All of Reichardt's films explore how individual Americans negotiate with each other, moment-to-moment, face-to-face, without the overbearing baggage of a "social network" as codified by our digitized address books. Meek's Cutoff, which has frequently been read as a commentary on 21st century politics, certainly provides insight into the historical underpinnings of American values and communication styles. There's no soft-pedaling on our forebears' unquestioned racism and sexism, but neither is this beautiful film a simplistic harangue. The proportions assigned to action and words for Meek's band of travelers might make the film's most powerful statements- both regarding the perspiration that came before our current largely sedentary lifestyle, and regarding the nature of images of the West that we've grown up with and used to. I don't know if Reichardt plans to continue to avoid portraying the most superficially-"connected" aspects of contemporary culture, but if so I'd be happy to see her continue plumbing the 1800's for a long time.

SFIFF54 Day 2
Another option: The Good Life (DENMARK: Eva Mulvad, 2010) is a documentary by the same woman who made the excellent Enemies Of Happiness. Kelly Vance calls this new one "good, clean, morbid fun."

Non-SFIFF-option for today: His Girl Friday at the Paramount.

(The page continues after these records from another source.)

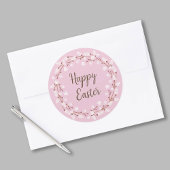 Niedlich Pink Pussy Willow Happy Oaster Runder Aufkleber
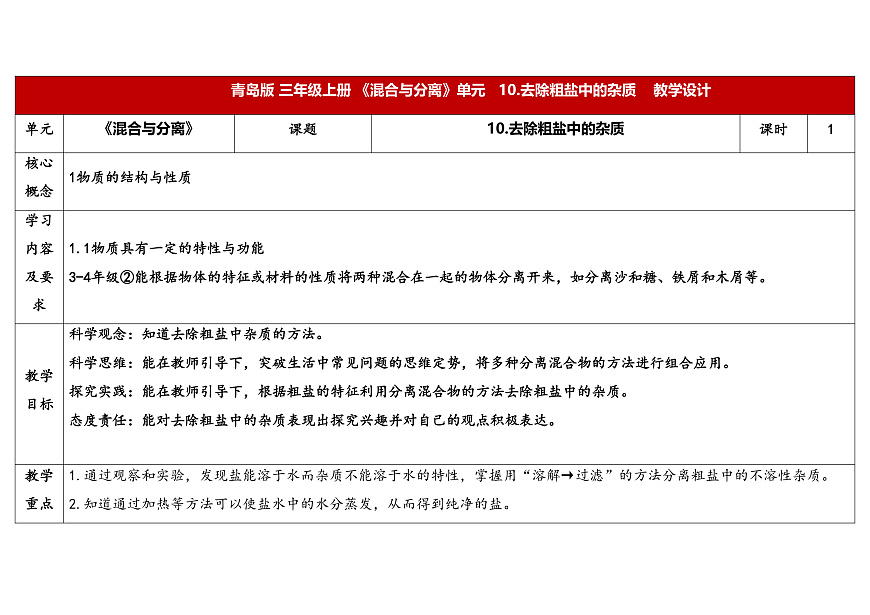 10.《去除粗盐中的杂质》教学设计第1页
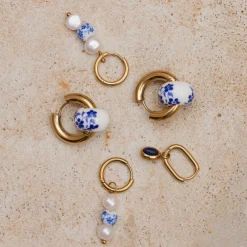 Flower Tile Pearl Hoop Set Small Silber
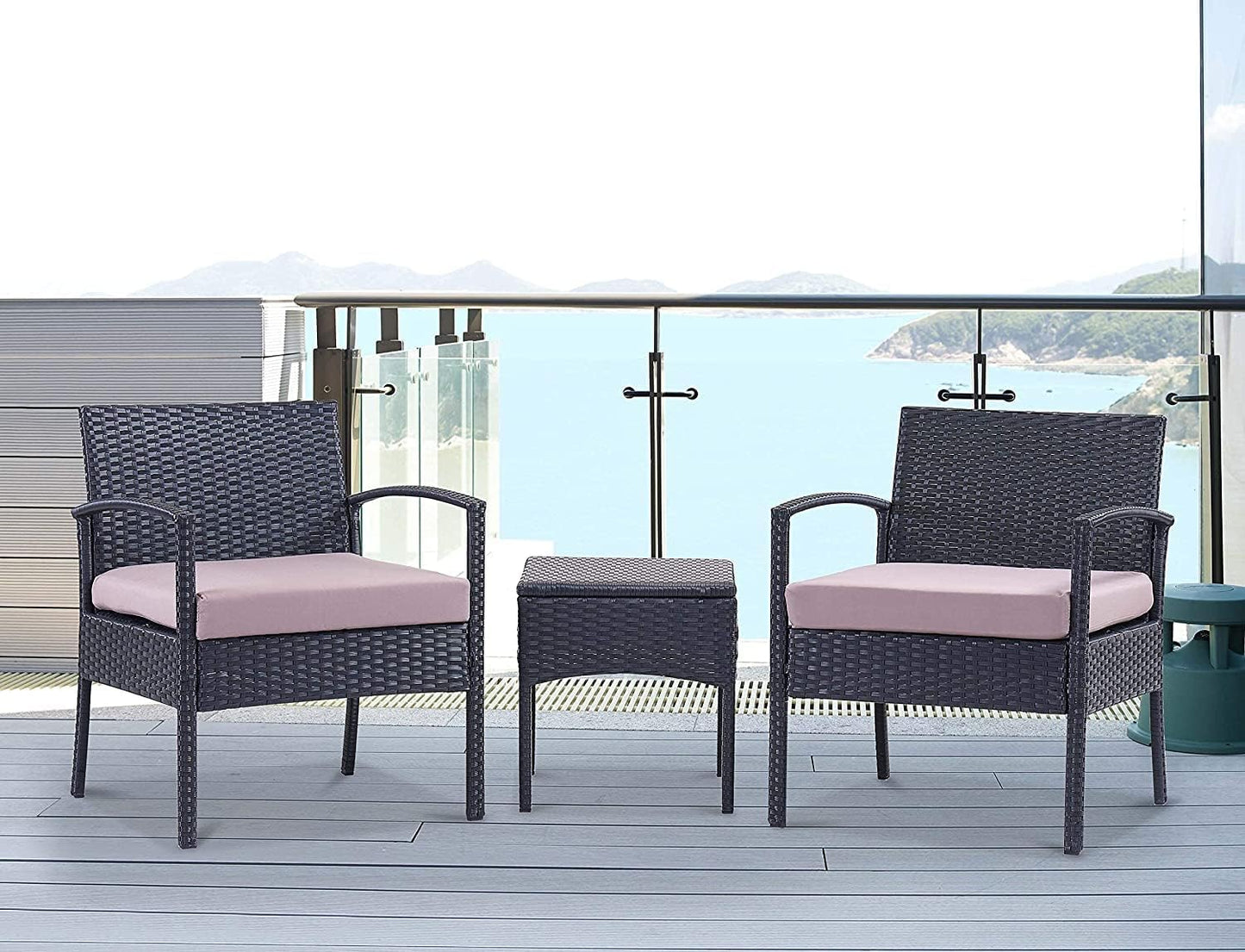 3 Pieces Patio Furniture Set, Outdoor Furniture Set, Patio Bistro Set Outdoor, Patio Conversation Set, Patio Set, Patio Table and Chairs, Patio Chairs with Coffee Table for Yard & Bistro, Brown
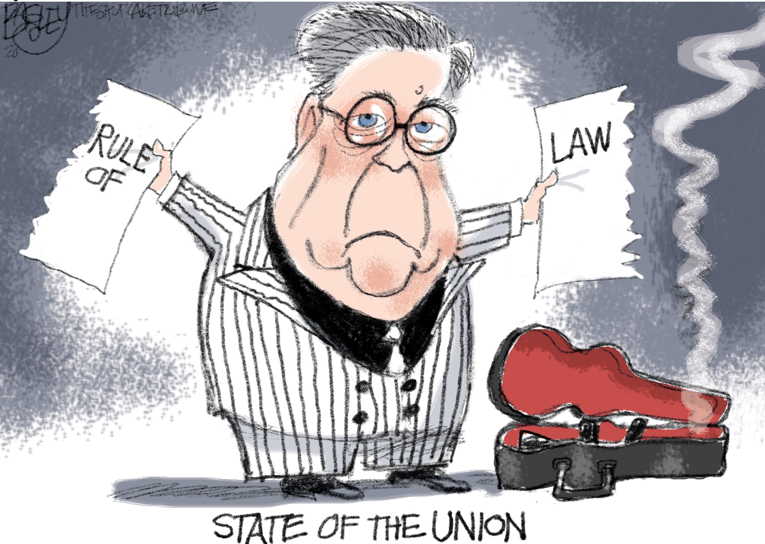 Political Cartoon On Barr Lauds Fascism By Pat Bagley Salt Lake Tribune At The Comic News 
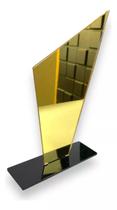 Kit 05 Troféu Acrilico Dourado 2mm 10x18cm C/base Preta Kit 05 Troféu Acrilico Dourado 2mm 10x18cm C/base Preta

Though Oakland's (and Frisco Bay's) most opulent movie palace is not the best place to see a Howard Hawks film unless you've got the dialogue memorized (the sound system being the venue's weak link in its presentations of talking pictures), His Girl Friday doesn't come around so often, and the price ($5) and ambiance make an afternoon cram session with Charles Lederer's script seem like a worthwhile idea.